● WHAT THIS TASK INVOLVES: Repeat the data that follows exactly, starting at the line with "Scheller Solid Wood" and ending at the line with "Beauty case Donna", and leave out every picture.

● RECORDS FOR THIS TASK:
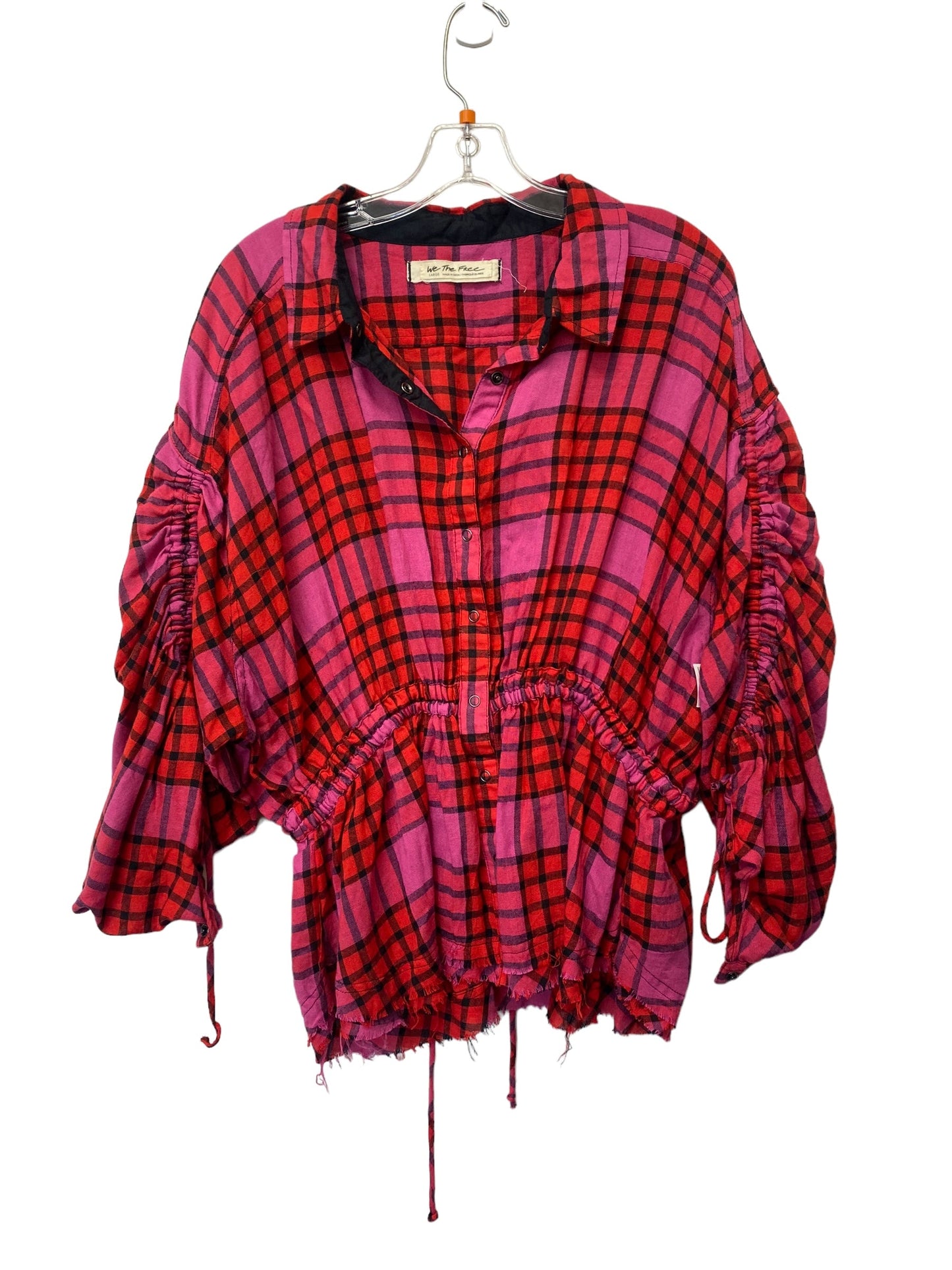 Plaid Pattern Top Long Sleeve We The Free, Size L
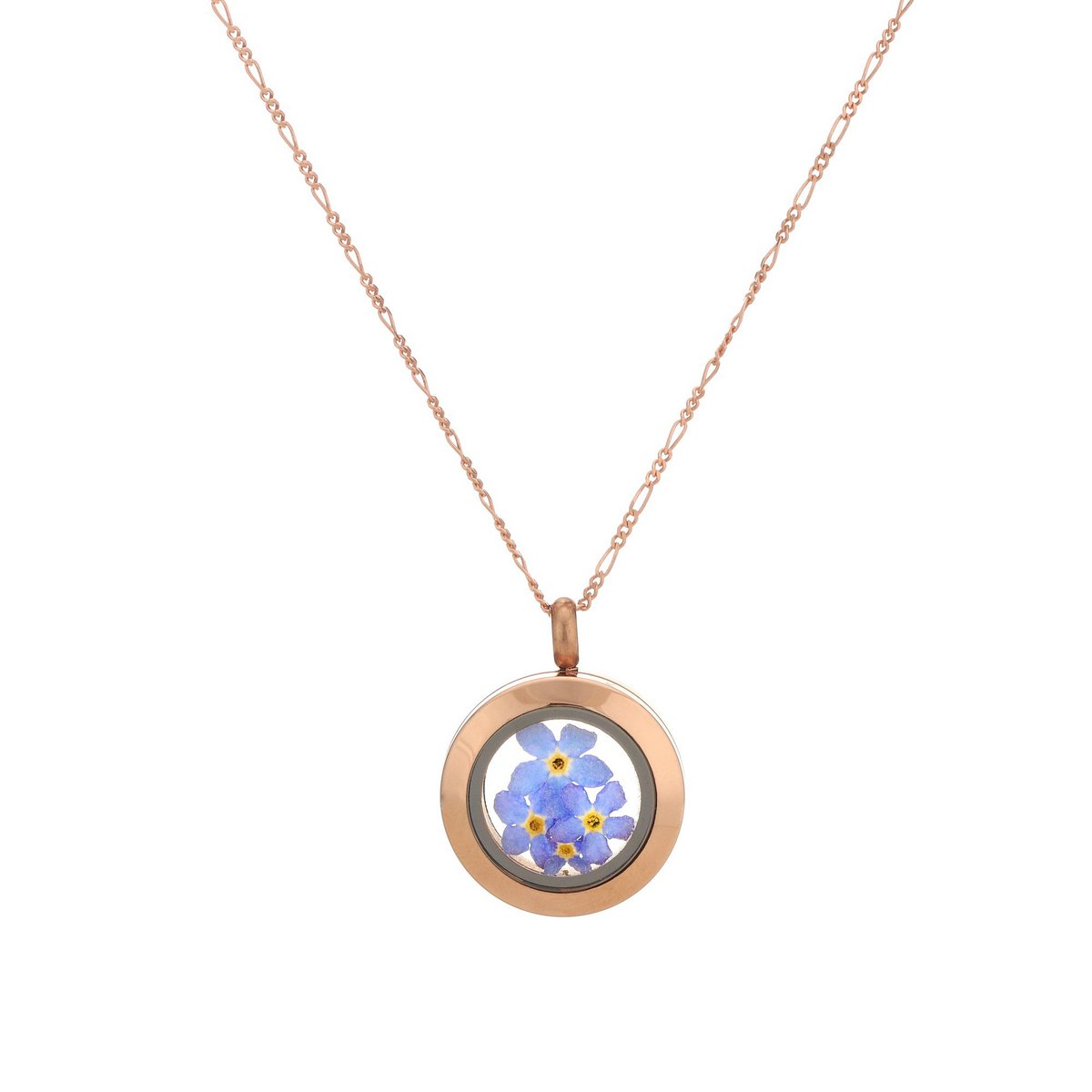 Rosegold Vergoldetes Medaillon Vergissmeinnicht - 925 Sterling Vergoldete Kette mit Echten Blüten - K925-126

* * *

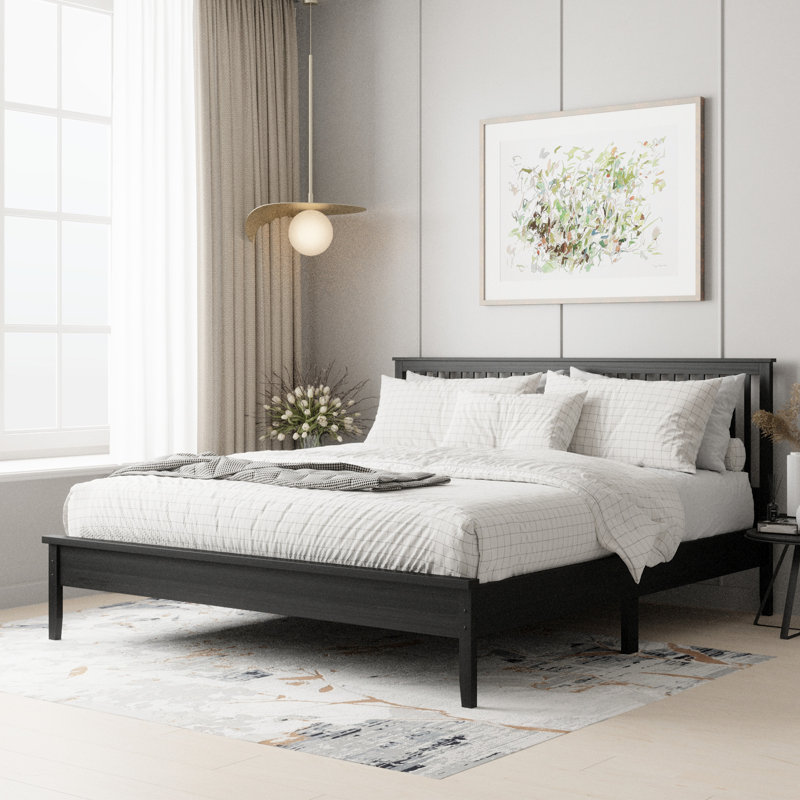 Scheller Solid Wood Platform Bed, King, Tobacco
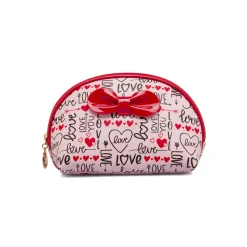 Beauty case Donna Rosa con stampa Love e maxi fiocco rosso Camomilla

==

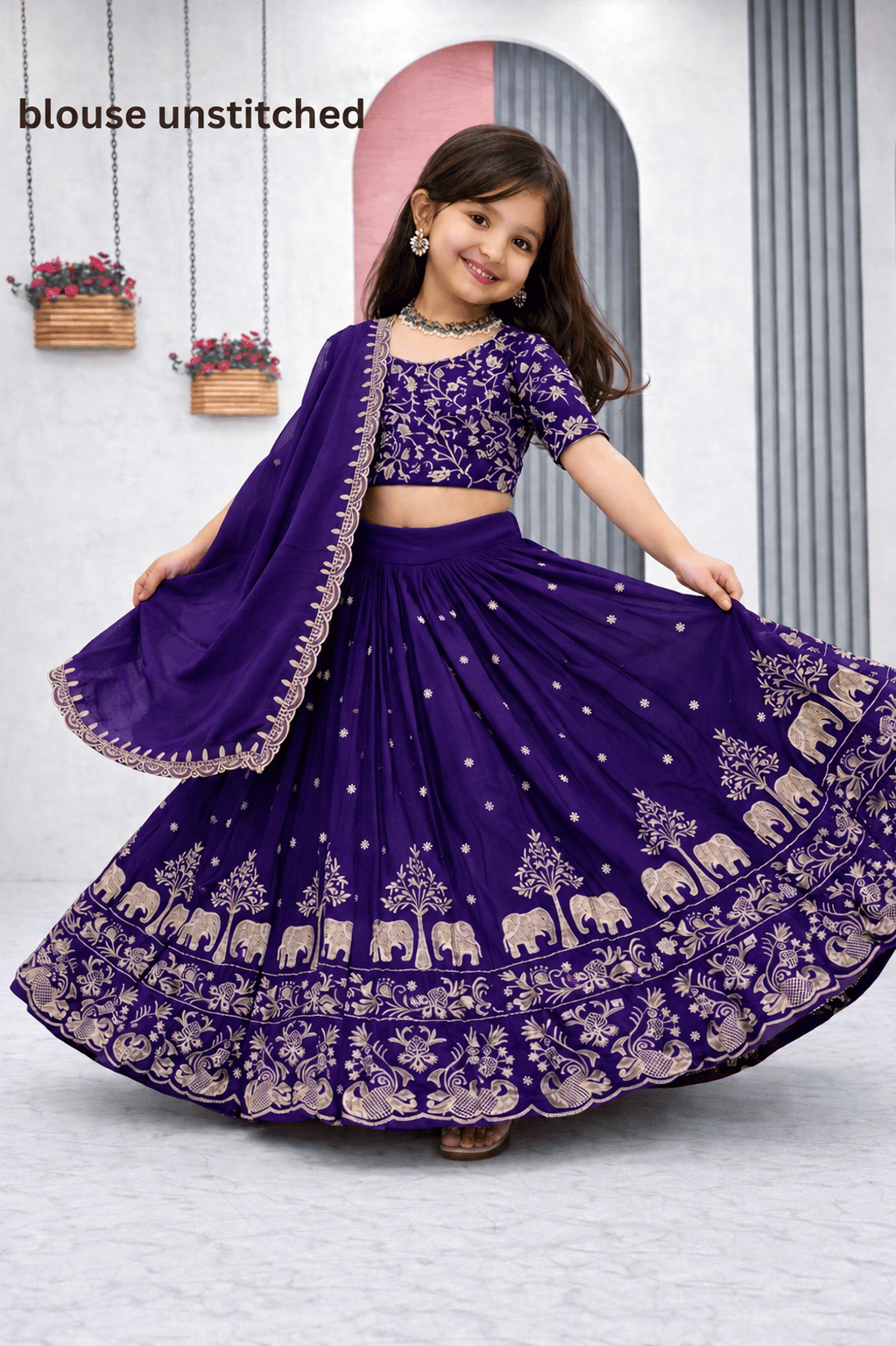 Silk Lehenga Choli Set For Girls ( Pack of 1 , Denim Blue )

● PROBLEM SOLUTION:
 Scheller Solid Wood Platform Bed, King, Tobacco
 Beauty case Donna Rosa con stampa Love e maxi fiocco rosso Camomilla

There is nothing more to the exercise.